The focus of the proposed work is directed toward the development of fast, accurate, and robust computational techniques for solving large-scale scattering problems when the scattering surfaces consist of a collection of open surfaces (i.e., surfaces with boundary). Though such problems are often initially formulated as boundary-value problems of elliptic partial differential equations, integral equations have been employed as one of principal tools for the numerical solution of scattering problems, particularly for exterior problems. Historically, most of the integral equations used have been of the first kind, since numerical instabilities associated with such equations have not been critically important for the relatively small-scale problems that could be handled at the time. The combination of improved hardware with the recent progress in the design of 'fast' algorithms has changed the situation dramatically. Condition numbers of systems of linear algebraic equations resulting from the discretization of integral equations of potential theory have become critical, and the simplest way to limit such condition numbers is by starting with second-kind integral equations. Hence, there is increasing interest in reducing scattering problems to systems of second-kind integral equations on the boundaries of scatterers.

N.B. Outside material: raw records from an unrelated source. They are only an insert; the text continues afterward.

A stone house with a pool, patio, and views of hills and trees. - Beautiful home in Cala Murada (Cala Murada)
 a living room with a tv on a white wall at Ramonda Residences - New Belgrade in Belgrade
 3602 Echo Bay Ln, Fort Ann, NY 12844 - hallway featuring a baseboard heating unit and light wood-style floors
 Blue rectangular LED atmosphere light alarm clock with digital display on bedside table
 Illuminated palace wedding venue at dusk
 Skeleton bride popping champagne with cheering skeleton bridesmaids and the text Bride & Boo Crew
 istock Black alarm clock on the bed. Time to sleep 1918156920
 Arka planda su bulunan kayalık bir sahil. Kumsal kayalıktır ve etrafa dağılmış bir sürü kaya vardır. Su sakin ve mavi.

The investigator proposed to apply tools from potential theory and singular integrals to construct second-kind integral-equation (SKIE) formulations for open-surface problems (especially for those whose governing PDEs are the Laplace or Helmholtz equations). After SKIE formulations have been obtained, the investigator plans to apply them to develop and implement efficient and accurate numerical algorithms for open-surface problems, using a combination of iterative solvers and the fast multipole method. Since the Laplace equation and the Helmholtz equation are ubiquitous in applied mathematics and many practical problems involve open surfaces, the proposed research will have broad impacts on many active research fields including acoustic and electromagnetic scattering problems, fluid mechanics, elasticity problems, and inverse-scattering problems. The proposed research is also expected to have long-term impacts on key technologies such as reflecting antennas and integrated circuits.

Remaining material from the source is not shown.